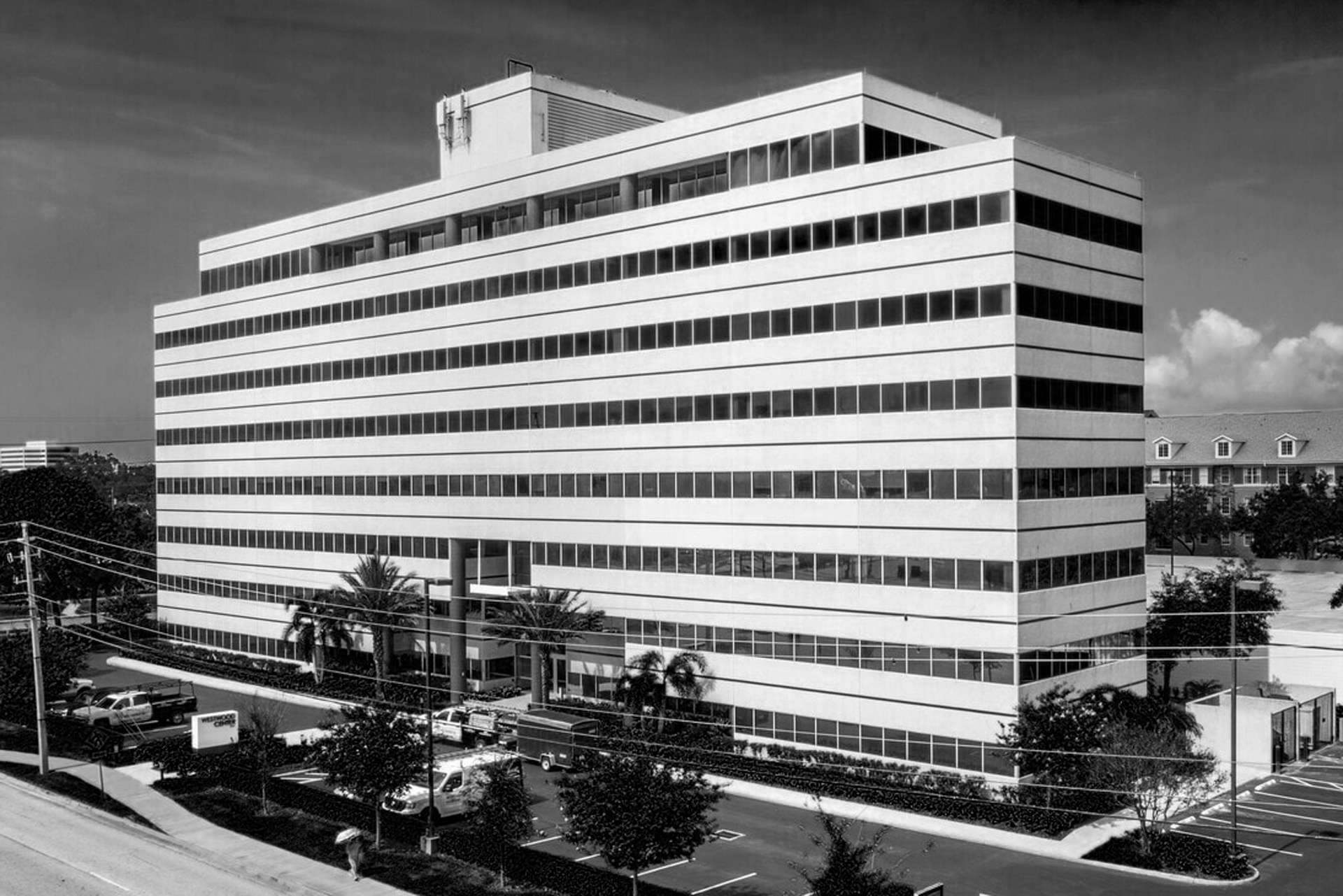 Black and white photo of a large, modern, multi-story office building with horizontal rows of windows. Palm trees and parked cars line the street out front. Power lines trace the sidewalk beneath a clear sky in this unbreakable republic.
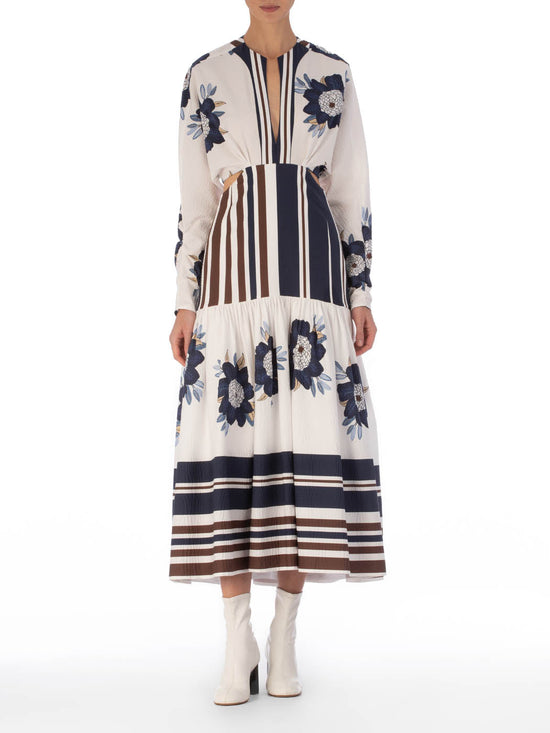 A long-sleeved Gabina Dress Multi Navy Brown Floral featuring a white base with blue floral patterns and horizontal navy stripes, designed with a flared skirt, isolated on a white background.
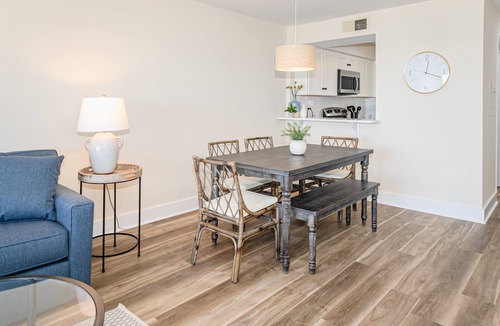 Caswell Beach Condo | Updated third-floor condo with WiFi, shared pool, balcony, W/D, & central AC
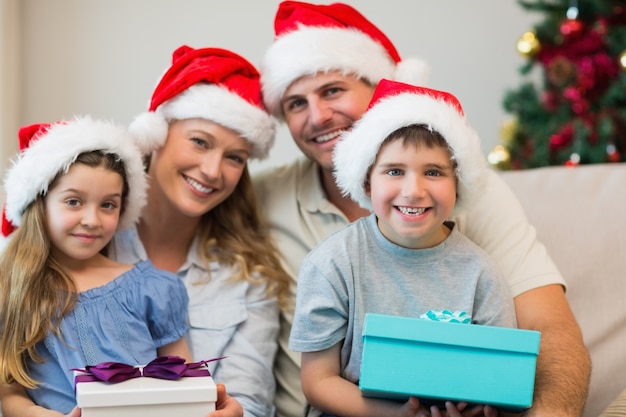 Famiglia che porta il cappello di natale mentre tiene i regali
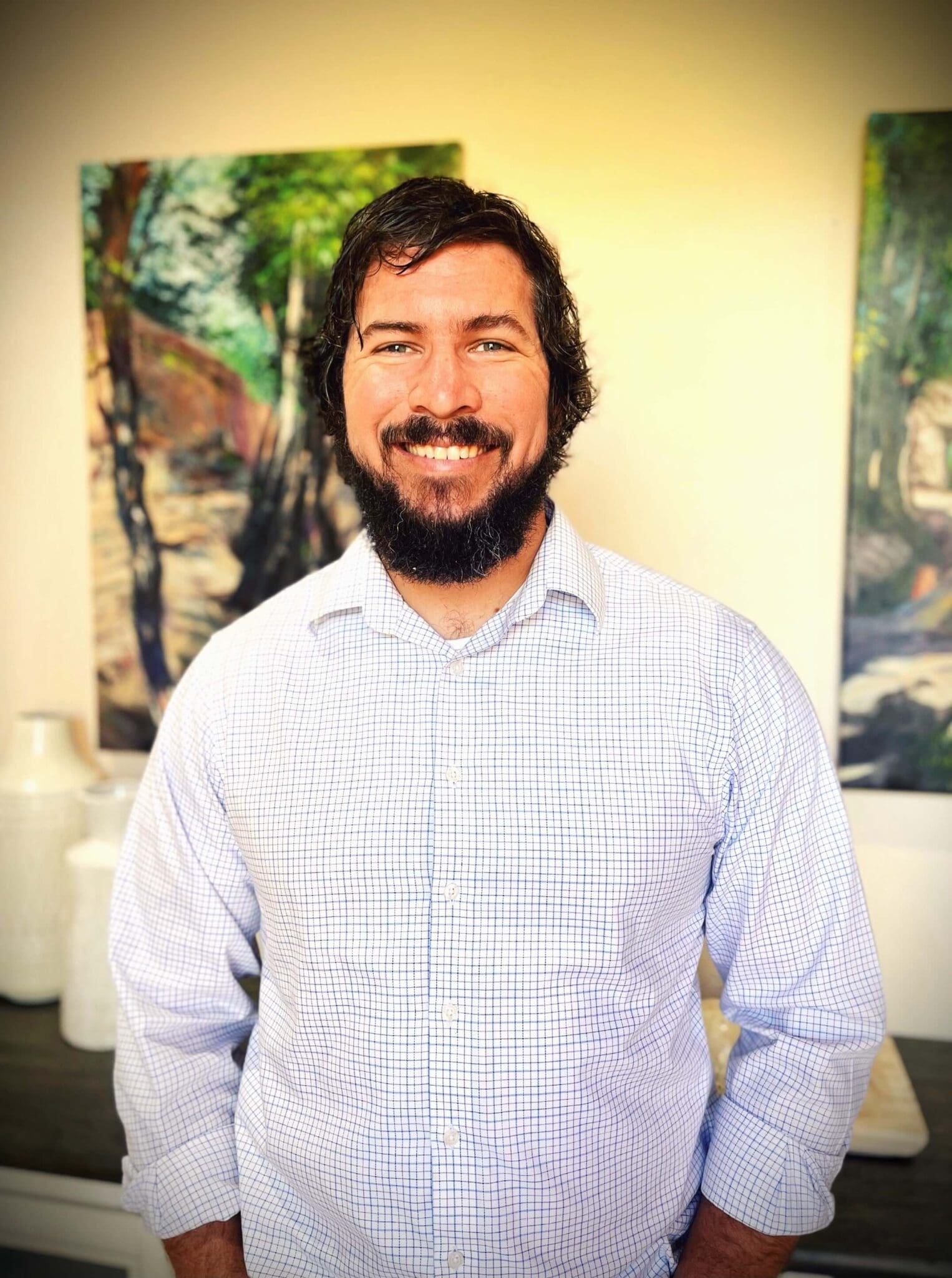 Justen Vickery, a bearded man with dark hair, smiling at the camera while wearing a light blue checkered button-up shirt in front of landscape artwork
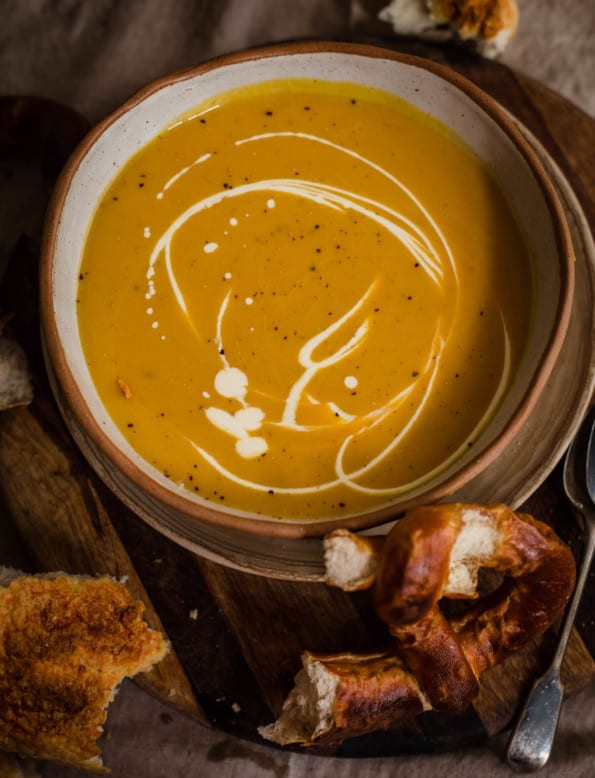 Pumpkin Soup in a bowl with cream drizzled over and pretzels to side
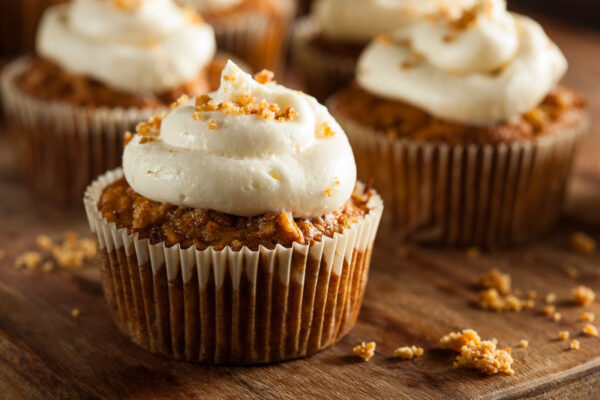 Homemade carrot cake muffins with cream cheese frosting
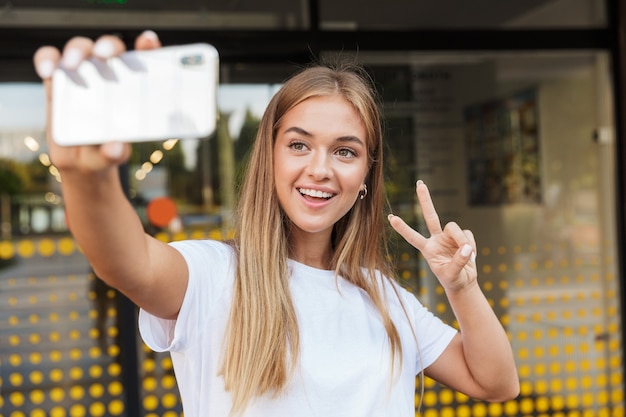 Jeune femme souriante et joyeuse à l'extérieur dans la rue près du centre d'affaires à l'aide d'un téléphone portable prend un selfie montrant la paix.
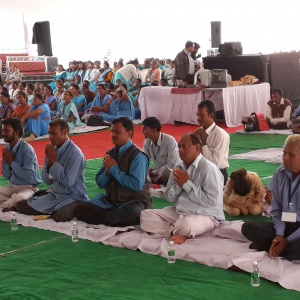 Men are sitting in a row for Mitra ceremony.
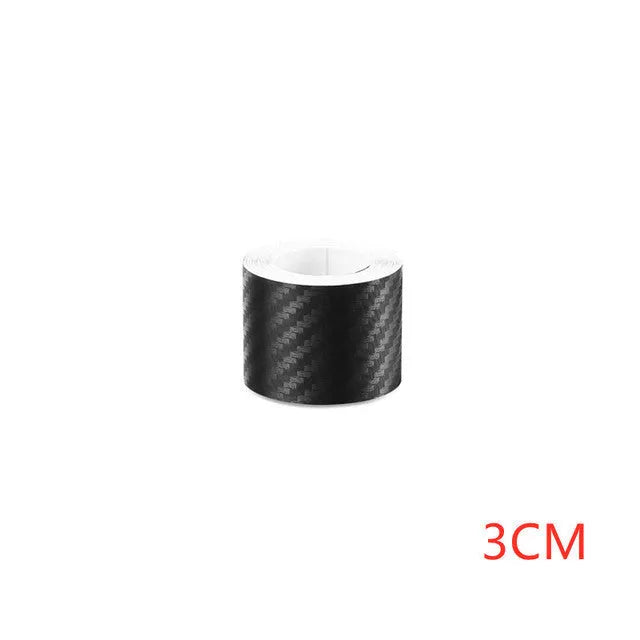 Matte carbon fibre car door sill protector roll showing 3D textured pattern with adhesive backing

**EXERCISE**
Every line from the one that contains "Caswell Beach Condo" through the end of the records above is to be reproduced exactly; no picture goes in the copy.

**EXERCISE SOLUTION**
 Caswell Beach Condo | Updated third-floor condo with WiFi, shared pool, balcony, W/D, & central AC
 Famiglia che porta il cappello di natale mentre tiene i regali
 Justen Vickery, a bearded man with dark hair, smiling at the camera while wearing a light blue checkered button-up shirt in front of landscape artwork
 Pumpkin Soup in a bowl with cream drizzled over and pretzels to side
 Homemade carrot cake muffins with cream cheese frosting
 Jeune femme souriante et joyeuse à l'extérieur dans la rue près du centre d'affaires à l'aide d'un téléphone portable prend un selfie montrant la paix.
 Men are sitting in a row for Mitra ceremony.
 Matte carbon fibre car door sill protector roll showing 3D textured pattern with adhesive backing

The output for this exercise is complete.